# Task prompt:
Every line in the listing below that holds the word "Blue" should be returned.

-*-

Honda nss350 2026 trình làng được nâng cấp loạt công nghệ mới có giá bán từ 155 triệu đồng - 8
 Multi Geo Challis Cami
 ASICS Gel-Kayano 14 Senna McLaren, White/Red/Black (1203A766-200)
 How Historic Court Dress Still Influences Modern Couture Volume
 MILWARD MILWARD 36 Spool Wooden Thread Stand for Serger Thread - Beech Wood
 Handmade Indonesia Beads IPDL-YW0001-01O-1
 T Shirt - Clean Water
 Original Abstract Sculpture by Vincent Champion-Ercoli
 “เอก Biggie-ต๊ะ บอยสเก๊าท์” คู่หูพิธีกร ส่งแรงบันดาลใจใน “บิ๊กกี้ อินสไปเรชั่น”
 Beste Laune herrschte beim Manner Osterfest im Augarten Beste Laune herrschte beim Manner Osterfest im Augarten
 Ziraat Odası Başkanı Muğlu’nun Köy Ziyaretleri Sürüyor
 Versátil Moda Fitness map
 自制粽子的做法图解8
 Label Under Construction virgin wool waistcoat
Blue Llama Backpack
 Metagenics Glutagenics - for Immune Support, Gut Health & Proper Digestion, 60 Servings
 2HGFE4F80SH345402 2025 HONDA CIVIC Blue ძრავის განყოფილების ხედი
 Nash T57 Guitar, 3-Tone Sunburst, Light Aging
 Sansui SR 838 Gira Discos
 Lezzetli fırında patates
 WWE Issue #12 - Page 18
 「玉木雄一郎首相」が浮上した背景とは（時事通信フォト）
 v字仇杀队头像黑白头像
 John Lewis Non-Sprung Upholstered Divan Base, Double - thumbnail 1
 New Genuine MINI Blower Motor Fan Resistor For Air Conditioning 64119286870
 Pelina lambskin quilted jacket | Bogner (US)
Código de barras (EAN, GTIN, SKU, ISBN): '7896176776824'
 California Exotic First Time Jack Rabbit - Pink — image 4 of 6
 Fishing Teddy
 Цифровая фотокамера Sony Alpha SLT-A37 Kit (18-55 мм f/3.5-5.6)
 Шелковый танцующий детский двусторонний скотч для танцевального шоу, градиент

-*-

# Reply to the task:
Blue Llama Backpack
 2HGFE4F80SH345402 2025 HONDA CIVIC Blue ძრავის განყოფილების ხედი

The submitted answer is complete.